Her taunts grow stronger the longer I try to block her out. Every happy thought I have She counters with another well placed insult.


friendless

unworthy


The words start to taint my memories, making even the happiest moments dull, lifeless, as though my color world had gone back to black and white.

alone


lonely


Tears fall from my eyes as the taunting overwhelms me. I have no strength to resist Her any longer. The room grows darker as She whispers in my memories, hissing louder as I lay curled in the fetal position on the black sheets.

alone

always alone

Her voices whispers sweetly in my ear, a twisted parody of my own, full of bitterness and contempt.
and self-loathing.

no

ignored

no

forgotten

no

unloved

NO

Tears dampen my cheeks as I force strength into my mind. Her words grow quieter, weaker as I open my eyes.

 I am loved, I am important, I have friends, I am not alone.

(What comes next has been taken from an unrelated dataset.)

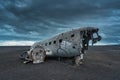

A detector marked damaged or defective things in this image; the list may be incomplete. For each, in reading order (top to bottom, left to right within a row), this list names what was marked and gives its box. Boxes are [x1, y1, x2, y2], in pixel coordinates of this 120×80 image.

She backs away, my face mirrored on Hers, begins to show uncertainty. I step forward as She retreats. Memories begin to gain color, a child's laugh, cheerful chatter of friends, hugs, physical affection. She begins to pale in my mind, as each joyful memory blazes around me. A voice strong, certain, my voice says "You have no power here."

and She is no more.

Tuesday, August 21, 2012

AWAKE!!!

I am all fired up from class, I did good, understood stuff today, and just feel like I'm on fire! (not literally)

Loki's asleep (finally, poor thing is trying to grow her second tooth)
Husband is tucked in bed sleeping, and all his clothes/work stuffs is set out for him to get up really really early.
Homework done
information read up on

And now, to work on my closet organization/ updating Ravelry stash to help me keep track of everything and stay organized.

Monday, August 20, 2012

Not much to say, but wanted to share


Saw this today when I was looking through my comics, thought it really deserved a share. Especially since I've been in such a craft mood lately.
Things are going well for me right now, had a wonderful weekend with my family, Husband got to have a nice relaxing nerding out at Wizard's Asylum talking about Battletech.


 
Ber and I decided to go crafty while at mom's and took a used oatmeal container and spray painted it. Now it will be used to wrap headbands on the outside and hair brushes and hair ties/barrettes will be stored on the inside. 

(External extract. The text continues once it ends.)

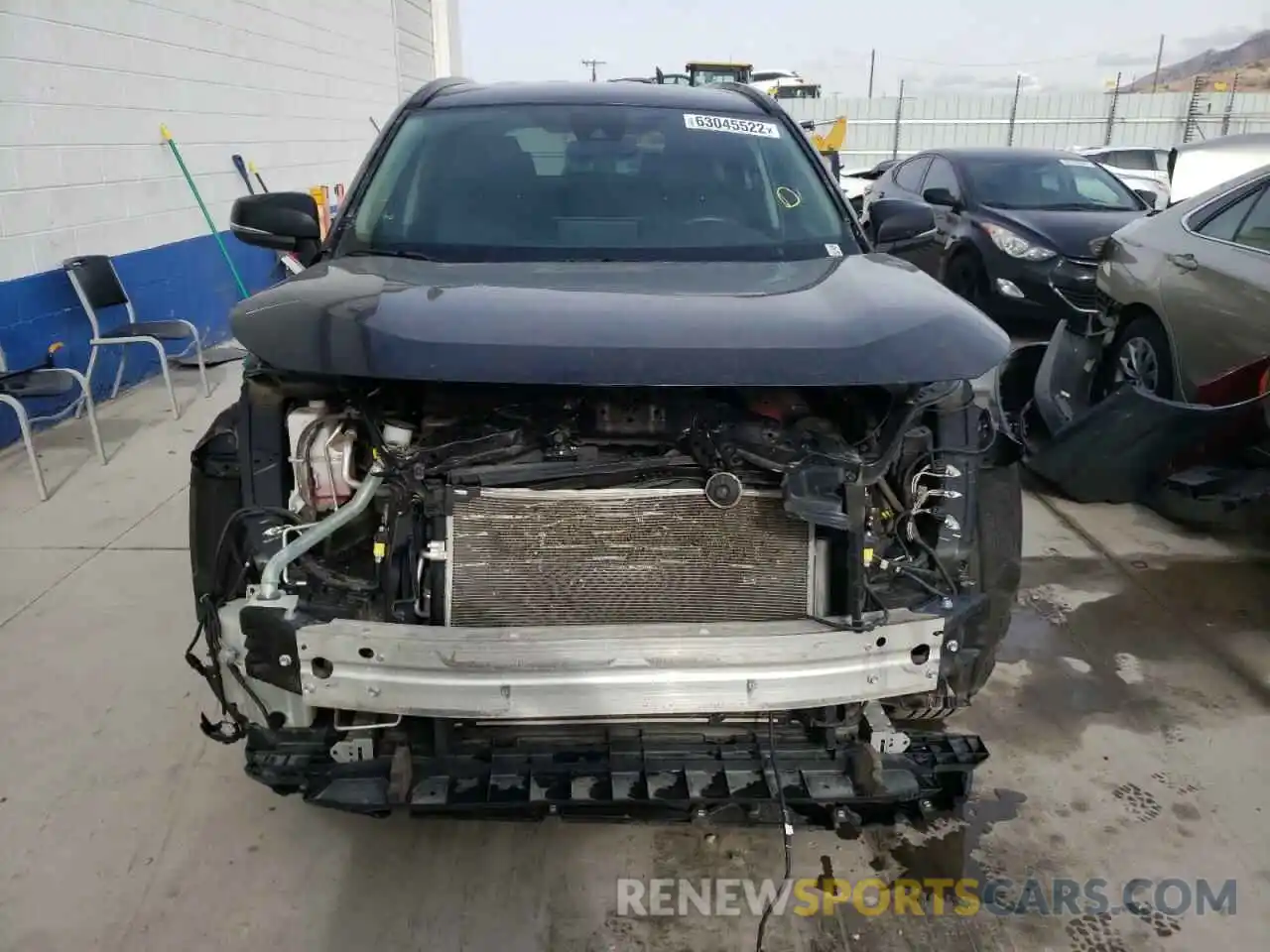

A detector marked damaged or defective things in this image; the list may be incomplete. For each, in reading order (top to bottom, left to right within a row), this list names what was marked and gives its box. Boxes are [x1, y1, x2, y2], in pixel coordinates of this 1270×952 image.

missing front bumper [239, 606, 945, 721]
damaged gray suv [188, 78, 1021, 832]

(It was my fist experiment with spray painting anything....I have a lot to learn evidently)


While Ber and I were goofing off with the spray paint, Mom was watching the baby (and us) and rocked Loki to sleep.

 Loki hanging out while we made peach crisp (which was delicious!) 

Thursday, August 16, 2012

organization!

I've been slowly organizing my 'craft closet' and my WIP's so I can get them finished and taken care of. (some of them are insanely old and only need a couple hours tops to finish.)

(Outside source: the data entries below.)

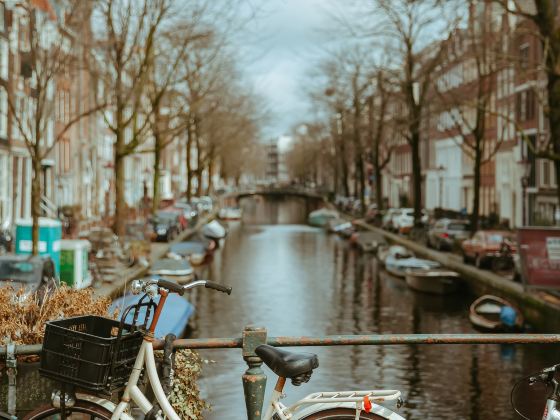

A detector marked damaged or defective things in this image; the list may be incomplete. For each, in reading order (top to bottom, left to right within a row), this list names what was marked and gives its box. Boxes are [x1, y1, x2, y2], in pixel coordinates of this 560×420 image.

rusty metal post [241, 324, 266, 420]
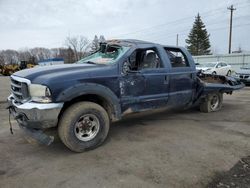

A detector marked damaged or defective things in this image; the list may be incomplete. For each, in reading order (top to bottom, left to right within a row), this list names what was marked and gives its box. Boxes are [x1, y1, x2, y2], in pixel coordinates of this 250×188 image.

broken headlight area [28, 84, 51, 103]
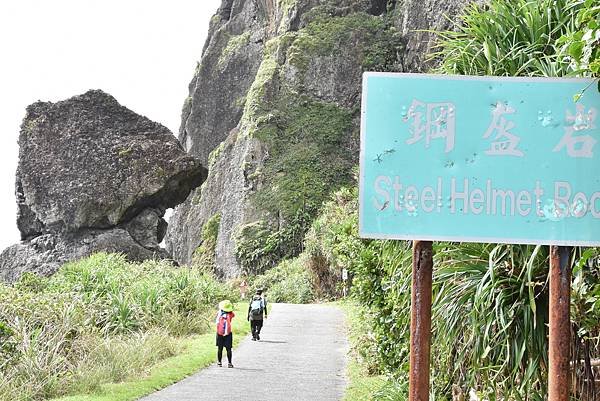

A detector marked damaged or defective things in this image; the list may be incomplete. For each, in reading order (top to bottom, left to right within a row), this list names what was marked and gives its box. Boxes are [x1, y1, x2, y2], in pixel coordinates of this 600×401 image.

rusty metal pole [408, 241, 432, 400]
rusty metal pole [548, 244, 572, 400]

And holding with one of the internet's sayings - pics or it didn't happen!
before pics of closet

Still kind of before, I got on ravelry and updated all the hooks and needles I had and took advantage of some of the empty Pringles cans I had laying around. (I thought that was quite smart actually)

This is an example of what is inside of a 'project bag' now. The paper has:
Started-
Project-
Yarn-
Needle-
Pattern- (and where I have it stored if it's on a phone/website/book)
Notes-

A couple of hanging project bags. 
I'm quite looking forward to getting this all organized and squared away. Plus it would be nice to close the closet door, although with that big blue tote and the bookshelf in there I dunno if that will ever happen.



Wednesday, August 15, 2012

backsliding

I haven't been posting much, which is naughty on my part. But I just get distracted, and forget to update. I think it's because I've started letting chaos take over my house again. I need to get back to my lists, I'll start feeling better and more productive, but I just don't really want to put the effort into it sometimes. I'm backsliding so bad right now, I'm kinda disappointed in myself to be honest.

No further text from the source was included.